Sen. Jason Pizzo said leadership agreed to include $5 million in the bill for the Attorney General’s office, but included in the legislation no direction as to how the funding should be spent. Pizzo joked that funding with no legislative direction is the thing for which “Democrats get made fun of.”
Before passing the bill, Senate Democrats tried unsuccessfully to amend the bill but the amendments either were ruled out of order or rejected.
Sen. Annette Taddeo offered amendments to remove a $10,000 penalty the Florida Attorney General can levy against small businesses.

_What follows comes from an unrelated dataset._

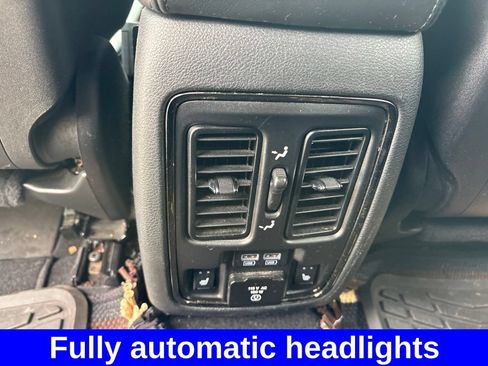 Used 2019 Dodge Durango R/T w/ Blacktop Package AWD/4WD image 17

“They are having trouble meeting payroll. How are they going to meet this fee?” Taddeo said. “It’s awful taxation.”
But Burgess said removing the financial penalties removes protections for those who work at small firms, and the goal of the bill was to ensure, “no Floridians, no matter where they work, are subject to a vaccine mandate,” Burgess said.
The federal Occupational Safety and Health Administration rules DeSantis and the Republican-led Florida Legislature are trying to blunt don’t impact businesses with fewer than 100 employees.
A small business owner, Taddeo said she preferred the federal OSHA rules to the policy Florida was passing.
Sen.Tina Polksy also pressed Burgess on why Florida is including small companies in the new law.
”If the federal rule doesn’t affect employers with less than 100 employees, then aren’t we going a lot further than countering the federal law?” she asked.
Burgess answered: “We are going further than countering federal rule. We are standing on principle.”